By Venky Ganti, Ph.D.
Published on February 20, 2020
In a prior blog post on challenges beyond the 3V’s of working with data, I discussed some issues which hindered the efficiency of data analysts besides drastically raising the bar on their motivation to begin working with new data. Here, I want to drill down into a couple of those issues and my past experience around them.
Let’s consider the scenario when an engineer or a data analyst inside Google wants to find relevant data, say, a table in Dremel or an SSTable on GFS. She still has to remember the name of the table, and which among Google’s myriad data stores contain it. Further, unlike documents which are self-describing, it is not easy to “understand” what is inside a dataset and how to use it. The user needs to understand the data by talking to people who know about the data, or through some other alternative means. Contrast the effort spent by an engineer within Google for finding and understanding data, relative to that an external user spends using Google to find and understand information on the web.
Let me recall one of my own frustrating experiences around a similar scenario. I worked on the AdWords team at Google. I needed to find information about search queries that led to similar user behavior on Google’s products, specifically Search and Ads. I felt that there must be several datasets out there in the Search and Ads teams. I found two in the Ads teams because I knew someone who worked on those projects. But, it turned out after further investigation that I could not use either because of the differences in target applications. However, I had little luck in finding out similar information from the Search teams. I tried rebuilding my own, spent months, and didn’t succeed. Recently, after I left Google, an ex-colleague told me he chanced upon a pointer to the right data and successfully used it!
Of course, these problems around finding and understanding data are not peculiar to Google but exist at any organization which leverages data to enhance their decision-making and their products. In general, an engineer at Google has a better chance at overcoming these problems due to awesome internals tools (e.g., code search).
The focus of much of the technology related to data has been on enabling processing massive amounts of data, and visualizing results better. But, there is no focus on empowering users to find and understand data within these databases to prepare queries and programs more reliably and efficiently.

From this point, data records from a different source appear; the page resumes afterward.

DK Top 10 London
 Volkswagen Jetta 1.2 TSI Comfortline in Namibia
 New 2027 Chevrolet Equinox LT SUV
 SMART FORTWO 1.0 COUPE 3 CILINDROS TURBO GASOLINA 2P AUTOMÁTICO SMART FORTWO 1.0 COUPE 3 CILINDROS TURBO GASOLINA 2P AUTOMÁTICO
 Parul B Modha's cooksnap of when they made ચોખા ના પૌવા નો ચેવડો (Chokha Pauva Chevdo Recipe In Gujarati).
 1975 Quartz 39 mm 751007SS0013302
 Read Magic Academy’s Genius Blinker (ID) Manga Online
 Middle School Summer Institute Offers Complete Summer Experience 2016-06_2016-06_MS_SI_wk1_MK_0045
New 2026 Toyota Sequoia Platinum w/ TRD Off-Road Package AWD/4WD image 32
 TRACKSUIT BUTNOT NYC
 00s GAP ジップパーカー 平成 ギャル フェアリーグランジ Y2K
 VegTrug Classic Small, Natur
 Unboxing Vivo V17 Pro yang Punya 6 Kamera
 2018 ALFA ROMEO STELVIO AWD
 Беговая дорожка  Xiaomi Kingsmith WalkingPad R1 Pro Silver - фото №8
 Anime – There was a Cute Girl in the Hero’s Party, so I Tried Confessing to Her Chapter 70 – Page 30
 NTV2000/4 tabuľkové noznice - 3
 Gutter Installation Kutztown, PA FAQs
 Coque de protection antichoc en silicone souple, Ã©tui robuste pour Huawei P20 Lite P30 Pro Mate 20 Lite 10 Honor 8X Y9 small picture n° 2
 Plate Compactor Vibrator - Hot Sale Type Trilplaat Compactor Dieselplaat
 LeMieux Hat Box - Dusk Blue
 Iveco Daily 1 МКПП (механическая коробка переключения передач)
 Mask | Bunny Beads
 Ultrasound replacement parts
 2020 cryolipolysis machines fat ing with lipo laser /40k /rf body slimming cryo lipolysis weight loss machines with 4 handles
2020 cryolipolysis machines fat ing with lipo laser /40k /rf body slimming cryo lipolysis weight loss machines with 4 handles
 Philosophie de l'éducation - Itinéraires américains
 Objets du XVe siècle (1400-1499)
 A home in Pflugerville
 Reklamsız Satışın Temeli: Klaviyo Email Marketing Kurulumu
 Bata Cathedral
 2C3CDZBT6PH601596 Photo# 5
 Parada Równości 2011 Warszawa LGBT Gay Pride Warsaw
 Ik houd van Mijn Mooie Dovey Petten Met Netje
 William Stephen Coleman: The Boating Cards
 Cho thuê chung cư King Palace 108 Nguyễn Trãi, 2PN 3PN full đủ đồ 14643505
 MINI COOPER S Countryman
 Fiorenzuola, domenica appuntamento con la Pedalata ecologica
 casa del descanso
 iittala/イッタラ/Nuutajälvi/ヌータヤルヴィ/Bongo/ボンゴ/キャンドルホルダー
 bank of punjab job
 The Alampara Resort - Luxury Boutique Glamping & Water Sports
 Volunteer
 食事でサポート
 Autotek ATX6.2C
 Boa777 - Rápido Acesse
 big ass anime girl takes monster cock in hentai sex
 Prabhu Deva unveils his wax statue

The primary reason in my opinion for the lack of focus on these issues, is that it is much more concrete to measure and show progress on query processing efficiency and visualization capabilities. On the other hand, it is hard today to articulate the benefits of helping data users find and understand data. By the way, wasn’t this true for Search over the web until Google came along and illustrated the economic and productivity gains across a wide spectrum of users? I believe that we are at the cusp of a similar revolution in data consumption.
After an analyst finds a dataset, she needs to understand its usage by other analysts and applications. Often, it is very hard to find such knowledgeable users. There were many times when I found it quite hard, even at Google, to identify the people I need to talk to for such questions; when I did find them, I felt the pain of distracting engineers with run-of-the-mill questions which they must have answered many times over.
As an example, I was responsible for migrating an application reading data from one engine to a newer more robust engine. A big part of the migration involved rewriting queries to read from the new schema. I was among the last few to be doing this migration, and hence similar questions must have been answered. But, the wiki that I was pointed to didn’t have all the information I needed. So, I had to drag myself very reluctantly to a very busy principal engineer, the only one I knew directly, to get help. I would have appreciated, a lot, if I could quickly find someone else who went through a similar migration.
On the flip side, I would repeatedly answer the same set of questions over and over on data that I produced and maintained. I tried creating a wiki page, but was still asked lots of questions. As we all know, this approach comes with its own set of challenges — keeping the wiki updated and reliable over time. In retrospect, I wouldn’t be surprised if I or my colleagues may have missed a few updates.
So, how much time is actually spent by analysts on these activities of finding and understanding data? I haven’t tried measuring this yet. We just don’t have the methodology and the tools to do it. But, depending on who you ask and which data they need to use, the answer varies widely. New users to a particular dataset will spend upwards of 80% on these tasks, while experts much much less. However, experts spend time by answering other users’ questions over and over.